Whenever a client or a server wants to send a message to the other end, it actually first builds the message using PA tagstruct mechanism. After the tagstruct gets built, it actually sends it using a pstream.
Here's an example from our Protocol Implementation section where a server sends an ACK to a clilent request using the REPLY opcode:
void pa_pstream_send_simple_ack(pa_pstream *p, uint32_t tag) {
pa_tagstruct *t;
pa_assert_se(t = pa_tagstruct_new());
pa_tagstruct_putu32(t, PA_COMMAND_REPLY);
pa_tagstruct_putu32(t, tag);
pa_pstream_send_tagstruct(p, t);
}
And this is the core communication mechanism between clients and servers.
Another example is setting the default sink, from src/pulse/context.c:
pa_operation* pa_context_set_default_sink(pa_context *c, const char *name, pa_context_success_cb_t cb, void *userdata) {
pa_tagstruct *t;
pa_operation *o;
uint32_t tag;
...
t = pa_tagstruct_command(c, PA_COMMAND_SET_DEFAULT_SINK, &tag);
pa_tagstruct_puts(t, name);
pa_pstream_send_tagstruct(c->pstream, t);
pa_pdispatch_register_reply(c->pdispatch, tag, DEFAULT_TIMEOUT, pa_context_simple_ack_callback, pa_operation_ref(o), (pa_free_cb_t) pa_operation_unref);
return o;
}
And so on.
What is behind a Pstream?
Behind a pstream is the raw Unix-socket/pipe connection.
What can be sent over a pstream?
All types of structures can be sent over the pipe, including:
enum {
PA_PSTREAM_ITEM_PACKET,
PA_PSTREAM_ITEM_MEMBLOCK,
PA_PSTREAM_ITEM_SHMRELEASE,
PA_PSTREAM_ITEM_SHMREVOKE
} type;
Sending packets (ITEM_PACKET) is discussed here in this document, since this is how "tagstructs" (small commands, and their parameter) are sent to the other end.
The sudocument "Details of Pstreams Shared Membory Blocks Transfer" details how memblocks transfer (ITEM_MEMBLOCK) occur over the pipe, in detail.

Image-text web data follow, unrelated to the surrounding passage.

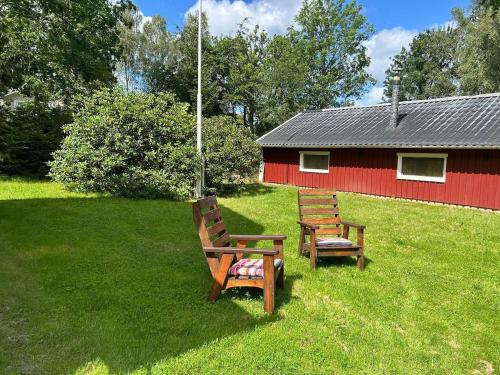 two benches sitting in the grass in front of a red barn at Lake cottage with private pier in Bälinge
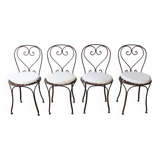 Set of 4 wrought iron chairs.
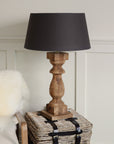 Tall column wooden lamp on side table with black shade.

Both private blocks and posix SHM blocks transfers is covered.
Sending a tagstruct
#define pa_pstream_send_tagstruct(p, t) \
pa_pstream_send_tagstruct_with_creds((p), (t), NULL)
void pa_pstream_send_tagstruct_with_creds(pa_pstream *p, pa_tagstruct *t, const pa_creds *creds) {
if (creds) {
pa_cmsg_ancil_data a;
a.nfd = 0;
a.creds_valid = true;
a.creds = *creds;
pa_pstream_send_tagstruct_with_ancil_data(p, t, &a);
}
else
pa_pstream_send_tagstruct_with_ancil_data(p, t, NULL);
}
static void pa_pstream_send_tagstruct_with_ancil_data(pa_pstream *p, pa_tagstruct *t, const pa_cmsg_ancil_data *ancil_data) {
size_t length;
const uint8_t *data;
pa_packet *packet;
pa_assert(p);
pa_assert(t);
pa_assert_se(data = pa_tagstruct_data(t, &length));
pa_assert_se(packet = pa_packet_new_data(data, length));
pa_tagstruct_free(t);
pa_pstream_send_packet(p, packet, ancil_data);
pa_packet_unref(packet);
}
Note that in the above, send_tagstruct extracts all the pure data from the tag struct and creates a packet out of it.
Sending packets
As seen above, the tag struct data gets fully extracted and a pa_packet is created. The packet is sent using pa_pstream_send_packet() as in below:
void pa_pstream_send_packet(pa_pstream*p, pa_packet *packet, const pa_cmsg_ancil_data *ancil_data) {
struct item_info *i;
pa_assert(p);
pa_assert(PA_REFCNT_VALUE(p) > 0);
pa_assert(packet);
if (p->dead)
return;
if (!(i = pa_flist_pop(PA_STATIC_FLIST_GET(items))))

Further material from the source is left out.